Rsync ate my disk

Rsync has variously saved my life on occasions and then again is has completely brought the whole place to a grinding halt. Essentially the cause is that sometimes BackupPC decides it's time for a complete full backup. This entails asking Rsync to compute the hash (checksum/md5sum) of every file on storage. Needless to say the NFS server ends up with an iolatency of near 100% and the entire place grind to a halt.

Various solutions revolving around ionice completely fail to resolve the cache overload. The storage system here uses an SSD cache in front of raided spinning metal. So by the time ionice intervenes things have long gone.

The solution comes from Russia. https://habr.com/ru/post/332614/

Essentially the very clever idea is to use SAR to measure latency. Once it passes the usable threshold a pkill signal is sent to rsync to stop.
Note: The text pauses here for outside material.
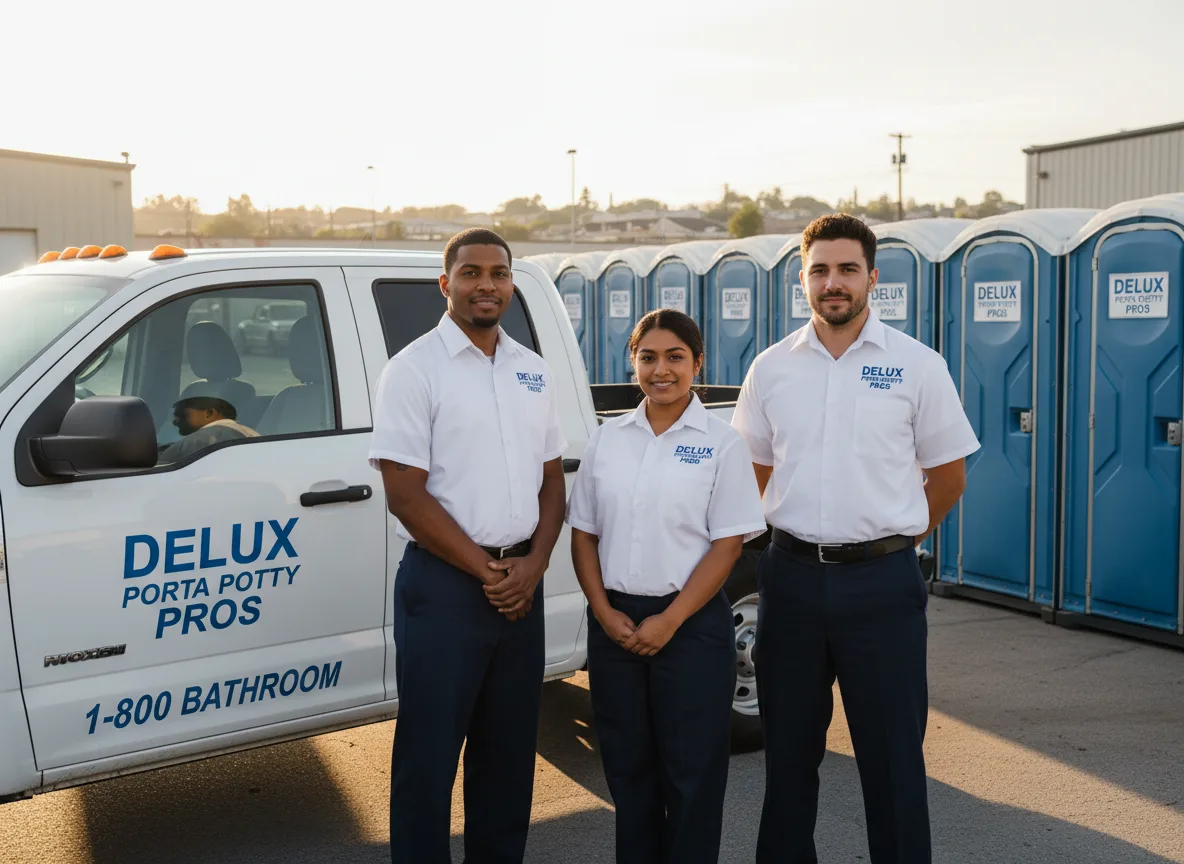 Long-Term Portable Toilet Rental company in Lawrence, MA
When iolatency drops below the 30% limit another signal is sent to continue. Simple as that!

#!/bin/bash

INTERVAL=10
CNTR=0

while :
do
    CUR_LA=`LANG=C sar 1 $INTERVAL | grep Average | awk '{print $6}' | perl -pe 'if ($_ > 30) { print "HIGH "} else {print "LOW "}'`
    echo $CUR_LA
    MARKER=`echo $CUR_LA | awk '{print $1}'`
    if [ "$MARKER" = "LOW" ]
    then
        CNTR=0
        pkill dd -x --signal CONT
        continue
    else
        let "CNTR=$CNTR+1"
                pkill dd -x --signal STOP
    fi
    if [ "$CNTR" = "5" ]
    then
        echo "CNTR = $CNTR - CONT / 2 sec / STOP to avoid socket timeouts"
        CNTR=0
        pkill dd -x --signal CONT
        sleep 2
        pkill dd -x --signal STOP
    fi
done